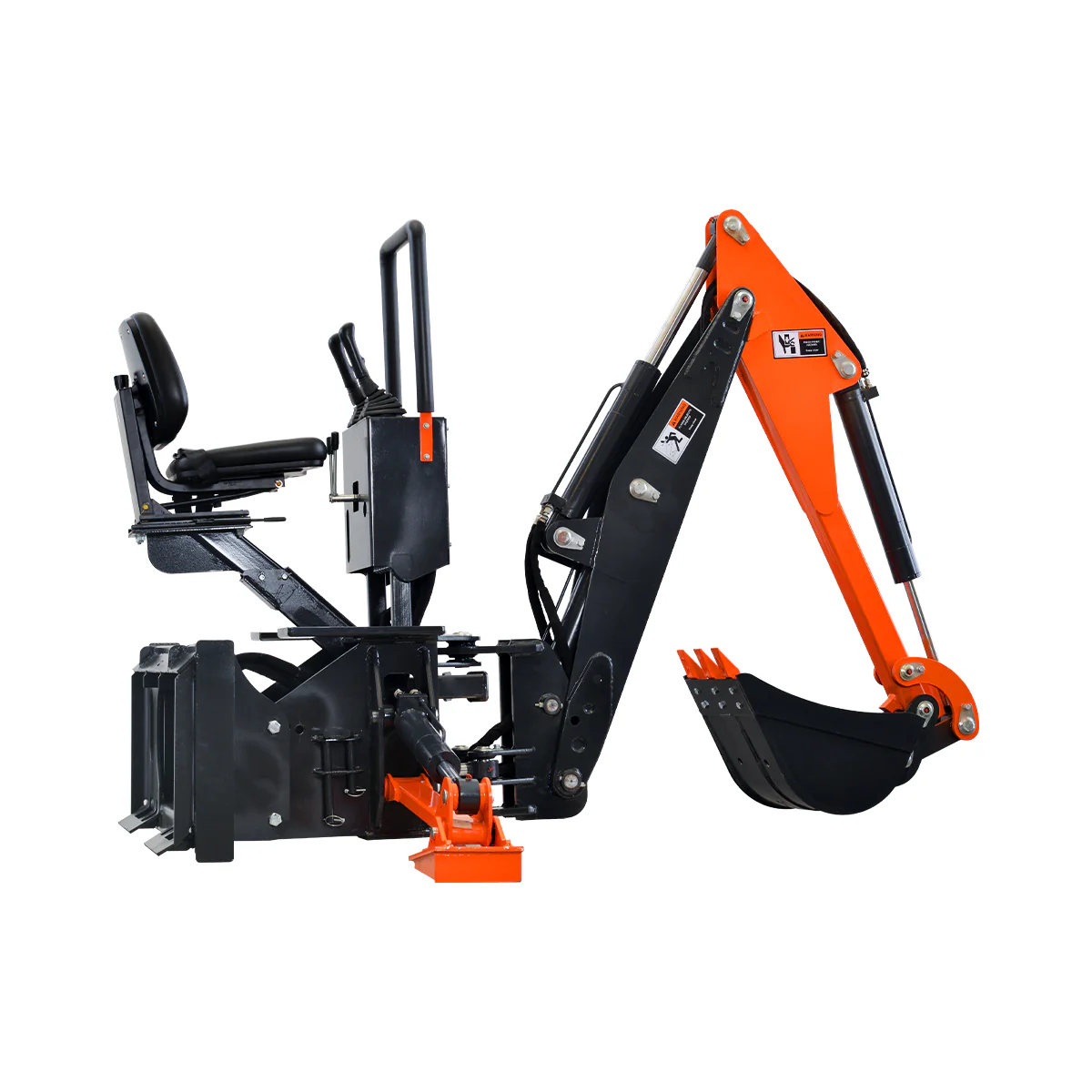 Skid Steer Backhoe 8ft Digging Depth, 16” Bucket Included,70° Left/Right Swivel Rotation SBH50 - Image 8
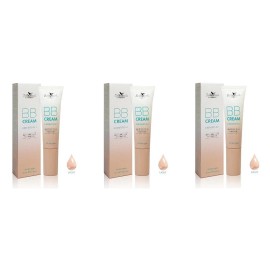 Belle Azul BB Cream 8 Benefits Perfecting Daily Moisturizer, Light 1 Oz (3 Pack)
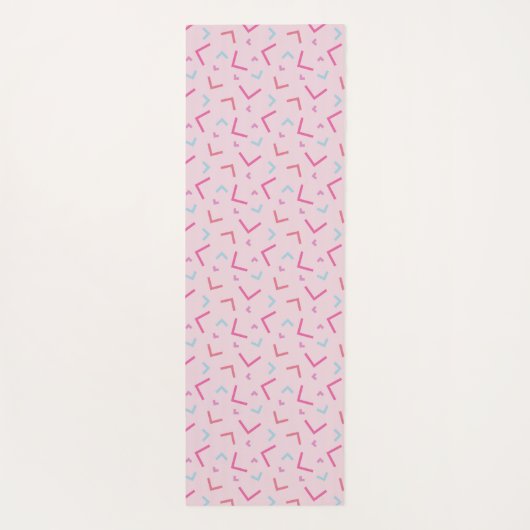 Pink Memphis Pattern Yoga Mat Yogamatte (Rückseite)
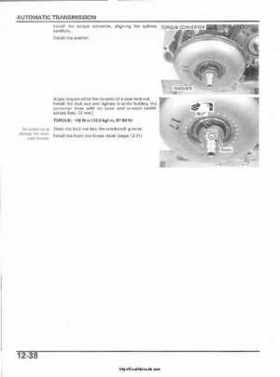 2003 Honda ATV TRX650FA Rincon Factory Service Manual, Page 249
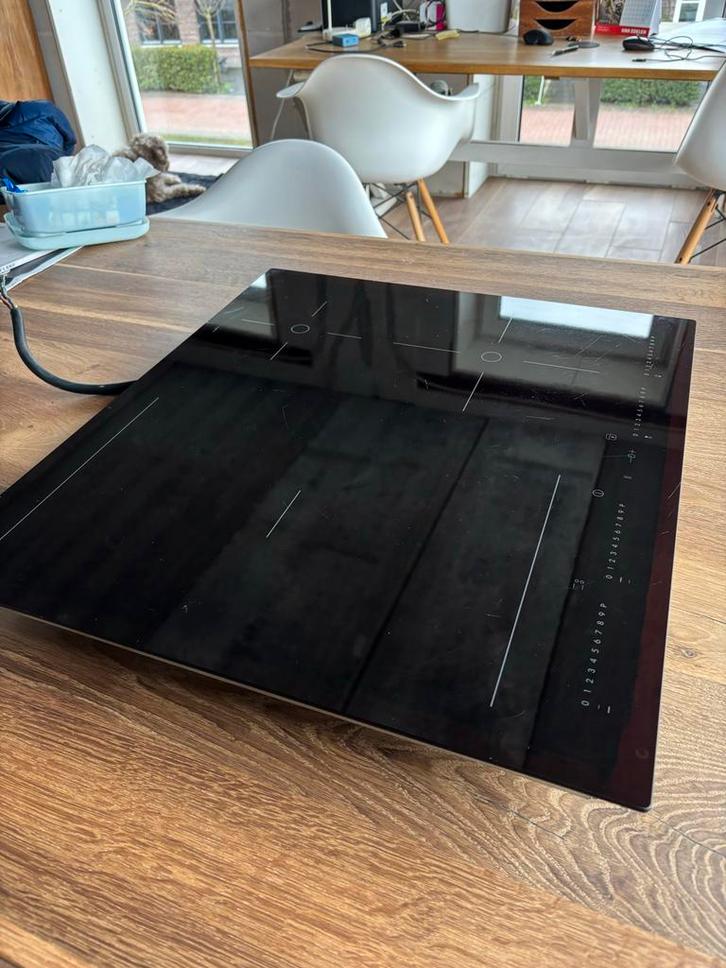 Inductie Kookplaat - 4 Zones - 2 Fasen - inbouw, Witgoed en Apparatuur, Kookplaten, Gebruikt, Inbouw, Inductie, 4 kookzones, Ophalen of Verzenden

-=-=-

The problem:
Print each of the records above exactly as written, leaving no picture in the copy.

Solved exercise:
 Skid Steer Backhoe 8ft Digging Depth, 16” Bucket Included,70° Left/Right Swivel Rotation SBH50 - Image 8
 Belle Azul BB Cream 8 Benefits Perfecting Daily Moisturizer, Light 1 Oz (3 Pack)
 Pink Memphis Pattern Yoga Mat Yogamatte (Rückseite)
 2003 Honda ATV TRX650FA Rincon Factory Service Manual, Page 249
 Inductie Kookplaat - 4 Zones - 2 Fasen - inbouw, Witgoed en Apparatuur, Kookplaten, Gebruikt, Inbouw, Inductie, 4 kookzones, Ophalen of Verzenden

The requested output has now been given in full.